Stored data entries
.....
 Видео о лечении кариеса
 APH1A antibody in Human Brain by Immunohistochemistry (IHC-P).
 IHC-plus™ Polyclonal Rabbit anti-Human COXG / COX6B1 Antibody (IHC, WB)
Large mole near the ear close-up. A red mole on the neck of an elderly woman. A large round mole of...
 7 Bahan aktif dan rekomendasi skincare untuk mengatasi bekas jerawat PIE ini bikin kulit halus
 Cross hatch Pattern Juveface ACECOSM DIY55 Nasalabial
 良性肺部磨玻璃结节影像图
.....
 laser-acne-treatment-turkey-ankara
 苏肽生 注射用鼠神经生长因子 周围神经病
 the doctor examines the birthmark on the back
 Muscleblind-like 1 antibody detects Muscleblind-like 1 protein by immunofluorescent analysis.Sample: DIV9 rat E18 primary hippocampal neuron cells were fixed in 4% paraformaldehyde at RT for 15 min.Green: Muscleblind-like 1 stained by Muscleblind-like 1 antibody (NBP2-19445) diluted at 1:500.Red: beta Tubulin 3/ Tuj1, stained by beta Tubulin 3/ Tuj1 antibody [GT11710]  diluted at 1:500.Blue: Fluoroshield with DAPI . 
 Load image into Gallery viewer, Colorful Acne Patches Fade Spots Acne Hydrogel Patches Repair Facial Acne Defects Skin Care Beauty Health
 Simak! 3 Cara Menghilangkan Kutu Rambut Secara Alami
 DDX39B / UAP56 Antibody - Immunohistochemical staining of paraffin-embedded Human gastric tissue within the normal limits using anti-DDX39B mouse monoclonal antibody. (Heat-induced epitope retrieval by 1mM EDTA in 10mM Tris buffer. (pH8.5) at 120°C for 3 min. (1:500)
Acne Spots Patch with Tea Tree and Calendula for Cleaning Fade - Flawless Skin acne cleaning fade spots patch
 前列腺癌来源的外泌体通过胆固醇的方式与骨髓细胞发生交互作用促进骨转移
.....
→ **Task details**
From the entries above, extract each line containing "Spots".

→ **Task result**
 Load image into Gallery viewer, Colorful Acne Patches Fade Spots Acne Hydrogel Patches Repair Facial Acne Defects Skin Care Beauty Health
Acne Spots Patch with Tea Tree and Calendula for Cleaning Fade - Flawless Skin acne cleaning fade spots patch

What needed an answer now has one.